How to complete this task
Return the records word for word. Pictures do not belong in the copy.

Pictures with short captions
____
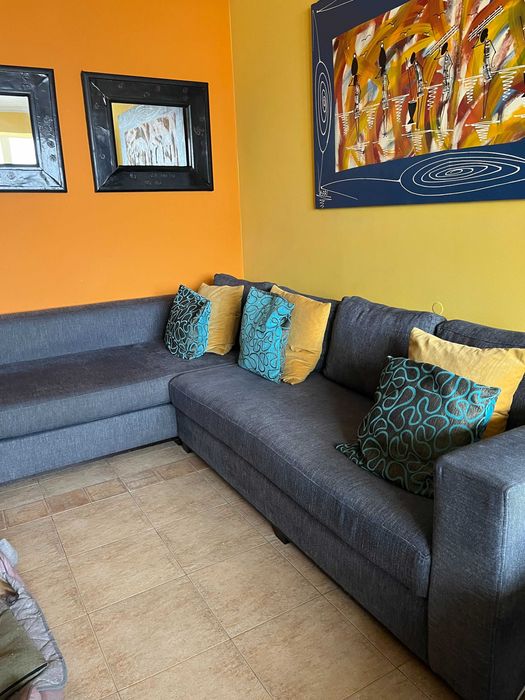 Vendo Sofá com Chaise Longue–Conforto Máximo e Estilo para a Sua Sala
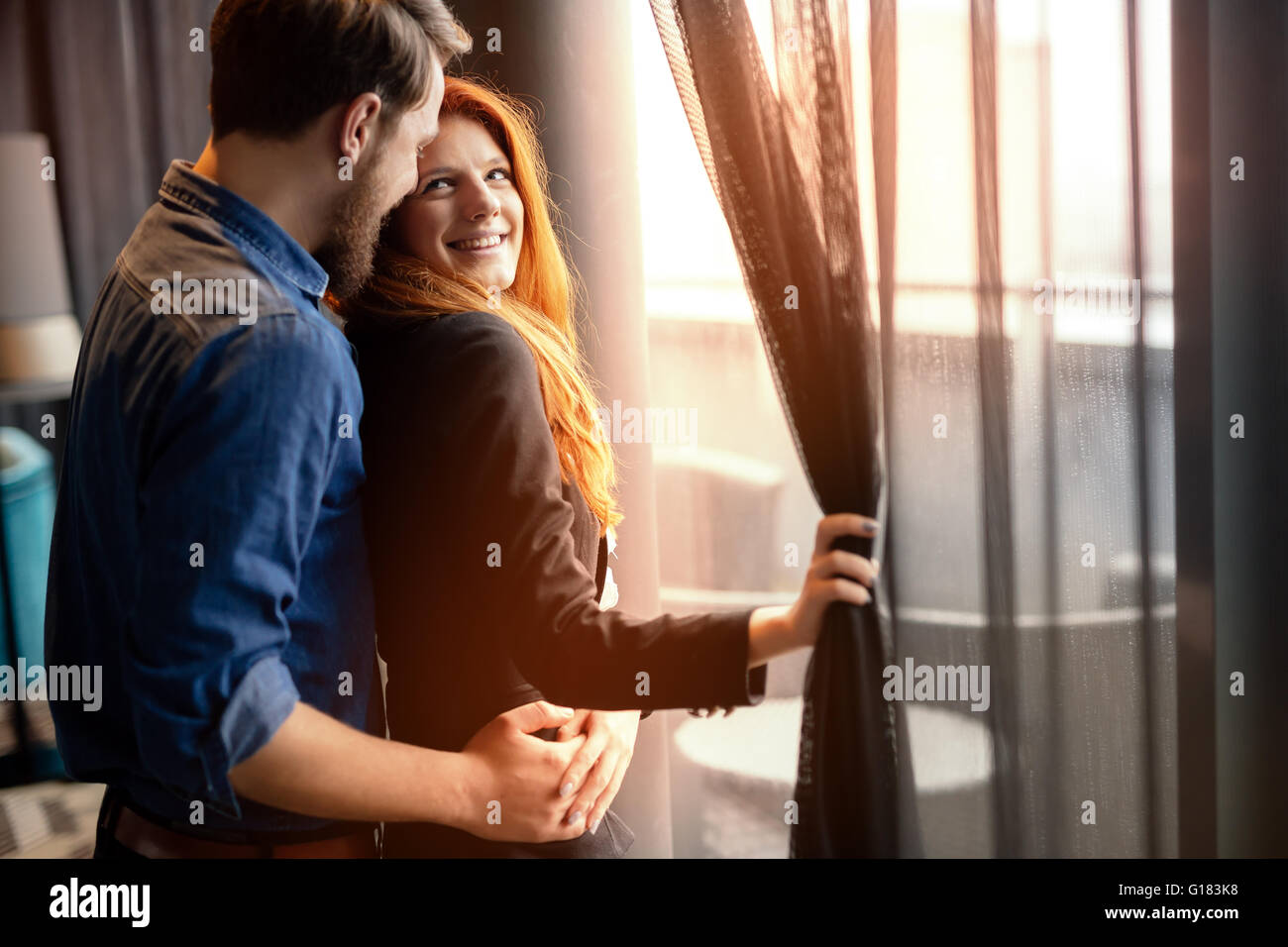 Mann umarmt Frau am Morgen bei Sonnenaufgang Stockfoto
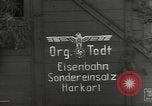 Standbild Bombe beschädigte rail road Station Hamm Deutschland, 1945, aus Sekunde 17 historischem Filmmaterial Videoclip 65675062220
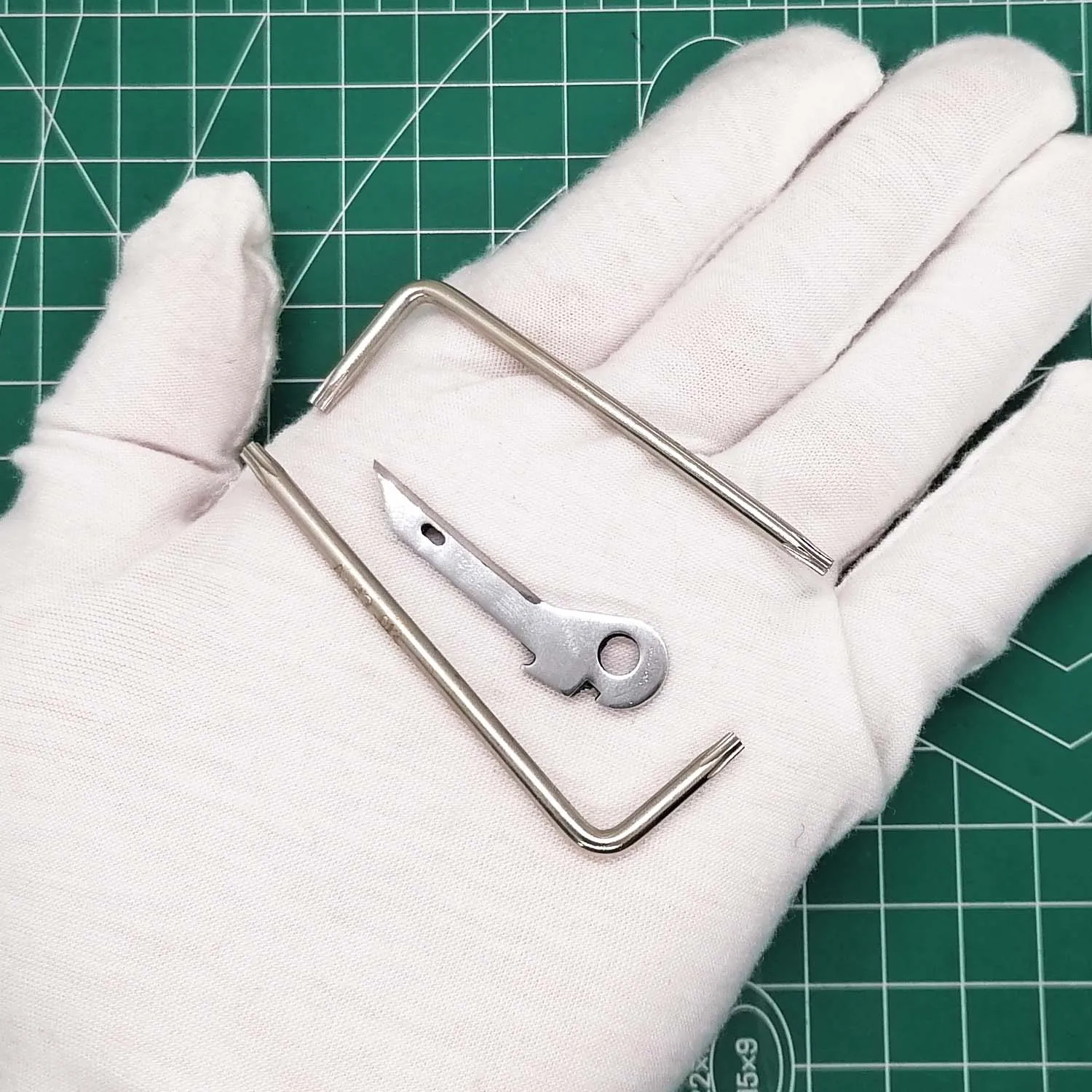 1 Piece 440c Heat Treated Modify Awl With Thread Loop for Leatherman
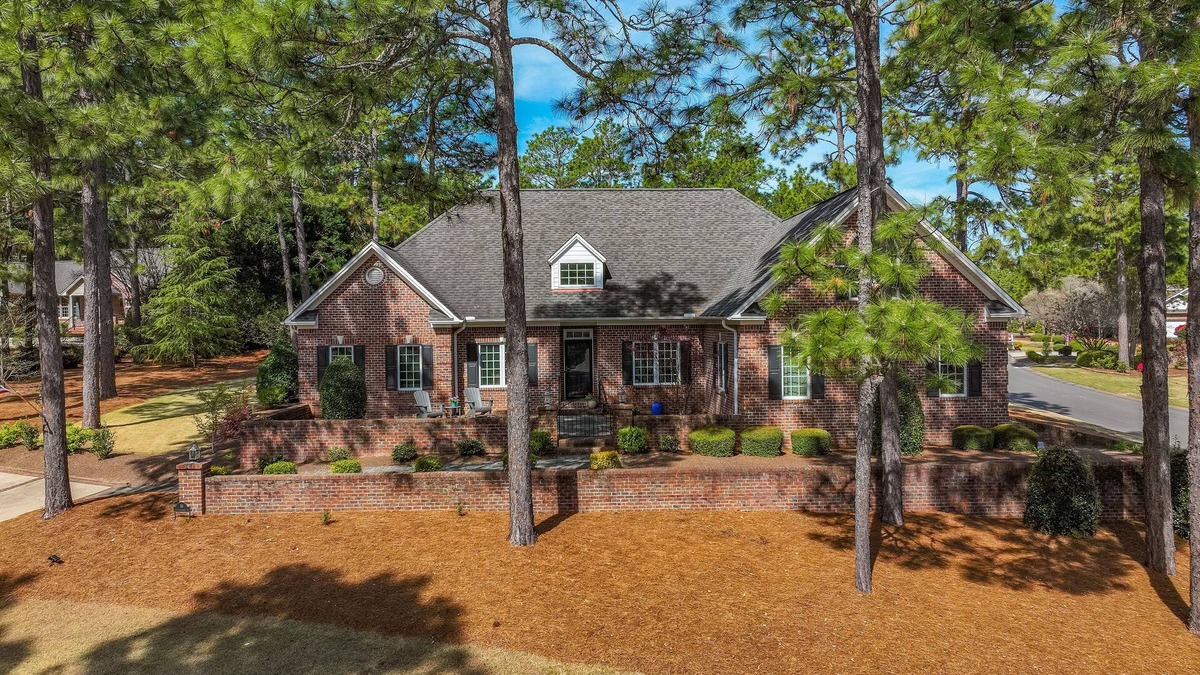 Southern Pines House | US Open! Golf Community, Sleeps 8, Minutes from Pinehurst #2.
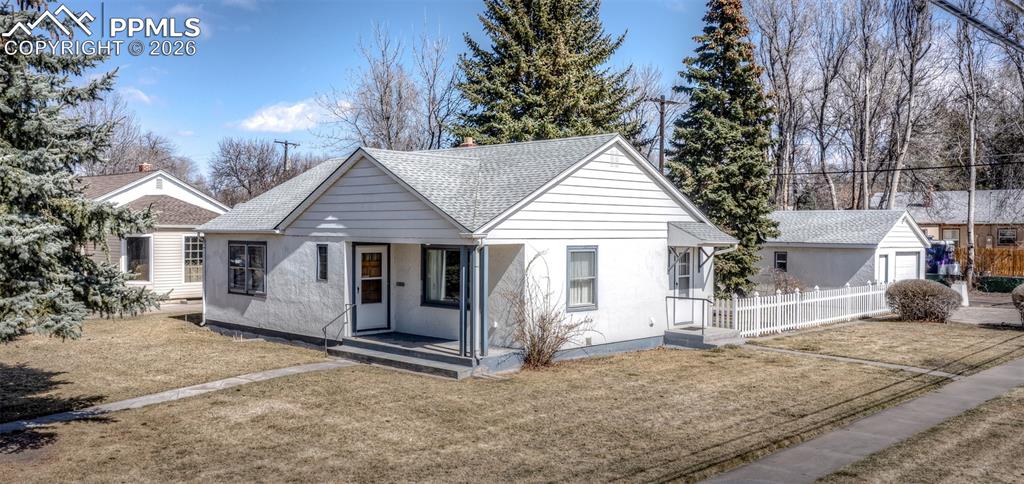 2303 N El Paso Street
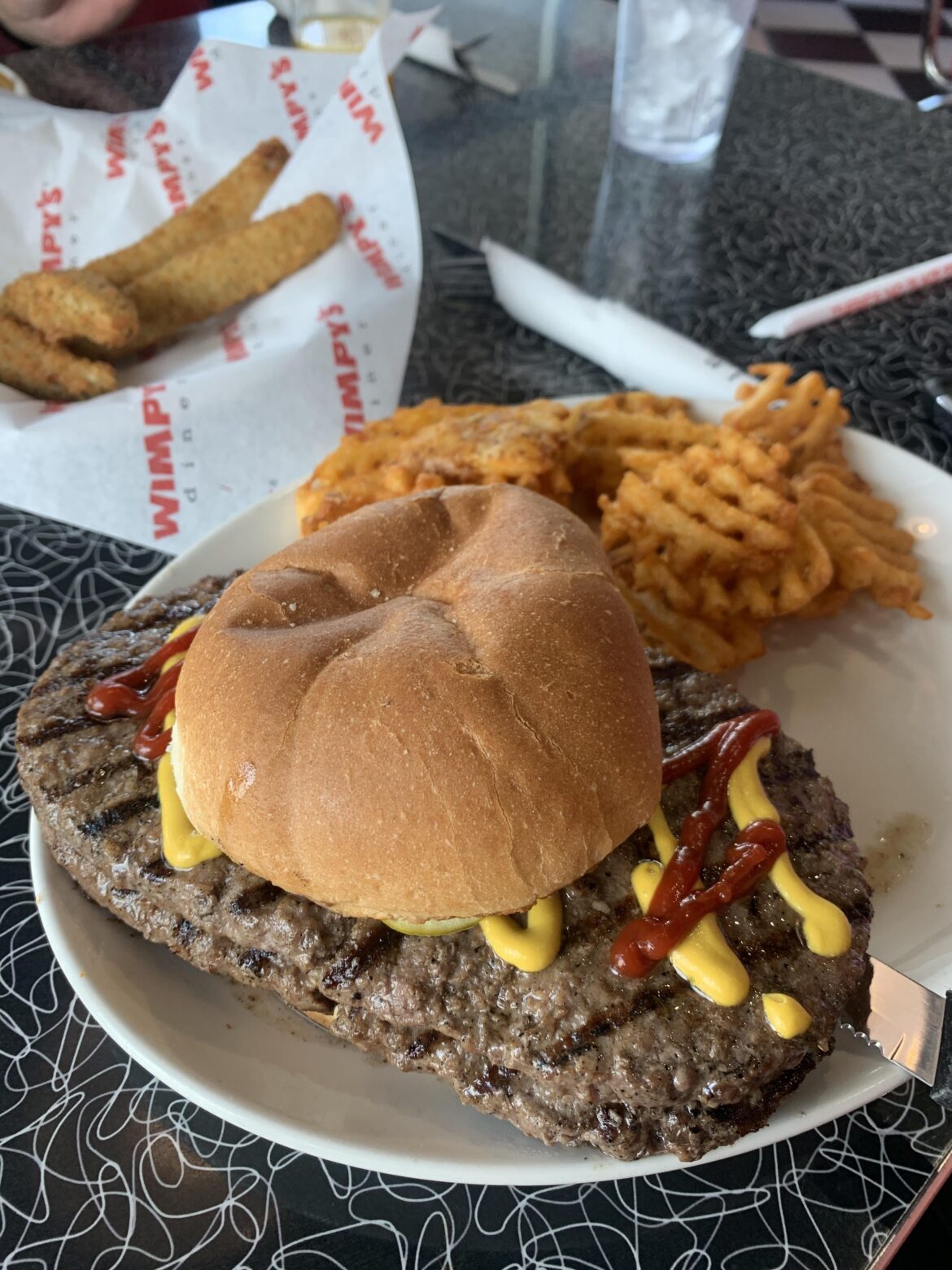 Double Famous Burger - Wimpys Diner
____
Your solution
 Vendo Sofá com Chaise Longue–Conforto Máximo e Estilo para a Sua Sala
 Mann umarmt Frau am Morgen bei Sonnenaufgang Stockfoto
 Standbild Bombe beschädigte rail road Station Hamm Deutschland, 1945, aus Sekunde 17 historischem Filmmaterial Videoclip 65675062220
 1 Piece 440c Heat Treated Modify Awl With Thread Loop for Leatherman
 Southern Pines House | US Open! Golf Community, Sleeps 8, Minutes from Pinehurst #2.
 2303 N El Paso Street
 Double Famous Burger - Wimpys Diner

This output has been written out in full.